If the tax rate on long-term capital gains is 15%, and Mitt Romney derives his income in the form of long-term capital gains, then he has no obligation to pay more than 15%.
We wouldn’t ask a politician who had five children to omit the deductions for one or two of those dependents, on the grounds that he already has enough deductions.
We wouldn’t ask a politician who qualifies for veteran’s benefits to forgo those on the grounds that his salary should suffice.
Perhaps you think it’s wrong that capital gains are taxed more lightly? In that case, it would be just as wrong if a politician had $15,000 of gains as $15 million. But in fact, it’s not wrong. The lower tax rate for capital gains is good policy—a policy that the US has followed almost from the inception of the income tax, a policy followed by almost every other advanced economy on earth (including some that don’t tax capital gains at all).
Here’s why:
We want capital assets put to their highest and best use.
If Joe can run the company better than Jane, if Jill can make better use of the corner of Main and Elm than Jack, then we want to see ownership of that company or that corner transferred as expeditiously as possible to the higher and better user.
That’s why we encourage transparent and efficient markets for capital assets.

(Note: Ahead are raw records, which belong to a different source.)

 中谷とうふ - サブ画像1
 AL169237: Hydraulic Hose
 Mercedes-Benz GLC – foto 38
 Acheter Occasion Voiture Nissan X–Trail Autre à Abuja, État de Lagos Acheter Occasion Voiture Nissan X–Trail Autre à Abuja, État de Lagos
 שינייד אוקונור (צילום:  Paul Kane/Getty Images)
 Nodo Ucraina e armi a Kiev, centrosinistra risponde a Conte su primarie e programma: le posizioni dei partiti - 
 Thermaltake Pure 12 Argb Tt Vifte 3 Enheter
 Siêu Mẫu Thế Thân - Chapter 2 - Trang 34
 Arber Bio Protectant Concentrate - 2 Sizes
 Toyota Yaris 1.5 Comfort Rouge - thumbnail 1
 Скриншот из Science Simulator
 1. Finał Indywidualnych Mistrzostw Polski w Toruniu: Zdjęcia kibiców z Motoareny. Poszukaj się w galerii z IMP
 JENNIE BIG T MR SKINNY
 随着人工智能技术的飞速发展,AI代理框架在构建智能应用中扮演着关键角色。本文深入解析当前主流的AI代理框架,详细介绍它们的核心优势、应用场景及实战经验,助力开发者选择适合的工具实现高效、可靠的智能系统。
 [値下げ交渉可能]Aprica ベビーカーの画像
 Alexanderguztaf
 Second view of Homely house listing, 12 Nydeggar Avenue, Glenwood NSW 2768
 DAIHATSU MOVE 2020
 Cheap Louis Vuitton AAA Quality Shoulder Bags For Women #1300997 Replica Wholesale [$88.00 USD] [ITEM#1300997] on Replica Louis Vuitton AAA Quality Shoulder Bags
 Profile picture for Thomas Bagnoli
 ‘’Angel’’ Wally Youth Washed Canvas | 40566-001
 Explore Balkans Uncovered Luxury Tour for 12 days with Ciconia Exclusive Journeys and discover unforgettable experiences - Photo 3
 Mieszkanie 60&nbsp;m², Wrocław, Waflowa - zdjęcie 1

A capital gains tax is a tax on the transfer of control of assets. If that tax is set too high, it can discourage even the most glaringly urgent transfers of control. Under Joe’s management, the value of the company may rise 30%. But if the capital gains rate is set at 50%, then the transaction from Jane to Joe will not occur—and everybody will be worse off.
Is a light tax on the transfer from Jane to Joe unfair to other taxpayers?
It should not be. The underlying asset will have taxes assessed against it: corporate income taxes if it is a company, property taxes if it is a piece of land. Those taxes are paid the day before the transfer of ownership, and they continue to be paid the day after. A transfer of ownership transfers the obligation to pay the tax. But the amount of tax collection in the economy is not diminished by the transfer, and it’s difficult to justify why the occasion of transfer should trigger yet more taxes.
That said, there are problems with the capital gains system of the United States, and two seem especially pressing right now:
1) A light rate of capital gains is premised upon a well-functioning corporate income-tax system. The US corporate income tax system is anything but. Even very highly profitable companies often pay no tax at all. But it’s the corporate income tax system, not the capital gains rate, that is the problem here.
2) The person entitled to the lower capital gains rate is the owner of the capital asset. But the US financial industry benefits from rules that allow non-owners the same benefit as owners: This is the famous “carried interest rule.” It’s utterly unjustifiable. If you’re investing with other people’s money, what you are earning is income—and it should be taxed as such.
But the right response to those two problems is to ... fix those two problems ... not to cite those two systemic problems as justification for re-electing the president who also failed to fix them.